Saddle Junction (179.4) - Tentsite (180.9) | Mileage: 1.5 + 4.6 (Around town and up Devils Slide)

Timeline of today:

  • 7:30 | woke up in the town campground, debated a bit if we should leave our tent and stay another night because of the impending weather, decided to pack up and sort this later
  • 8:30 | asked the PCT people camped near us for change, they didn’t have any, instead they shared that there was a huge on-trail norovirus outbreak ahead of us in the section we were about to enter
  • 8:30 to 2:00 | day completely derailed, instead of finishing to-dos spent the entire day listening to Maddie FREAKING OUT because she is a germaphobe and has a particular phobia of vomit. Did a ton of research on outbreak details, apparently it is in the already hurricane-destroyed washed out section called Mission Creek that has one river that you practically walk in for two days and theory is that the noro is spreading from the river or maybe the campsites or weird cabin or all of them, no one knows … yikes not sure how you really avoid that, FarOut reviews say people are getting sick all over the creek bed like a zombie movie…
  • 2:00 | finally convinced Maddie we should just do the section really fast and just be careful and hand wash and chemically treat the water and hide from all the other people (hopefully this was the right call and we don’t get sick, lots of people are skipping it, oh well, we will see)
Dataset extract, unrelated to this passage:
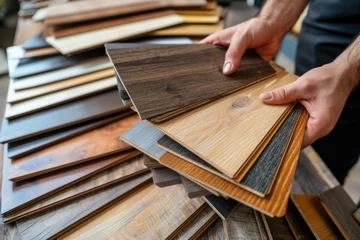 Deurstickers Man selecting laminate wood samples in a hardware store © NikoG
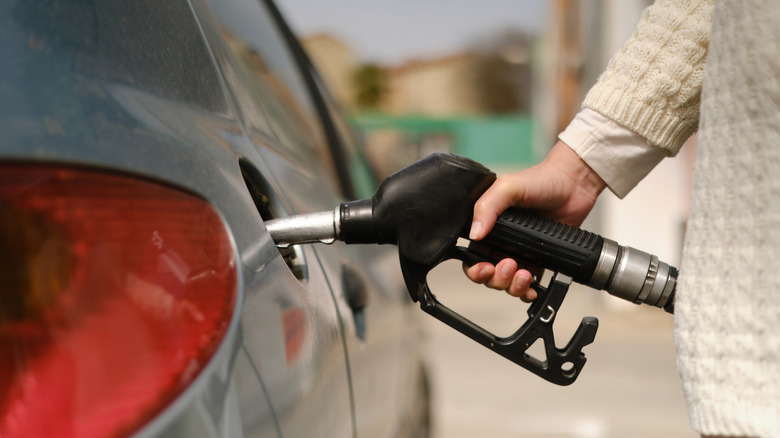 person fueling car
  • 3:00-4:00 | did a few more of our chores, Maddie still mostly incapacitated due to aforementioned freak out, did not help that hikers keep talking about it and offering opinions and theories, why won’t they stop hypothesizing they’re probably wrong and it just makes everyone stressed
  • 4:00 | decided we will hitch back to trailhead and overnight a few miles up, storm still coming but winds supposed to be slightly less severe, 35mph rather than 55mph at 10k feet where we’ll be camping, maybe we will summit San Jacinto the next morning if weather clears up early otherwise we will skip, it’s not on the PCT anyway and would require missing a bit of PCT, and Maddie is a purist and wants to do every piece of the trail so either is a good option I guess
  • 4:30 | super nice guy picks us and Sweet Pea (got his IG and he does spell it like this even though it refers to pee, guess he’s trying to be subtle about that lol) … apparently the guy who picks us up thinks his wife might give birth to their first child tonight!!? And he is gallivanting around driving us ..!?? But he was quite sweet…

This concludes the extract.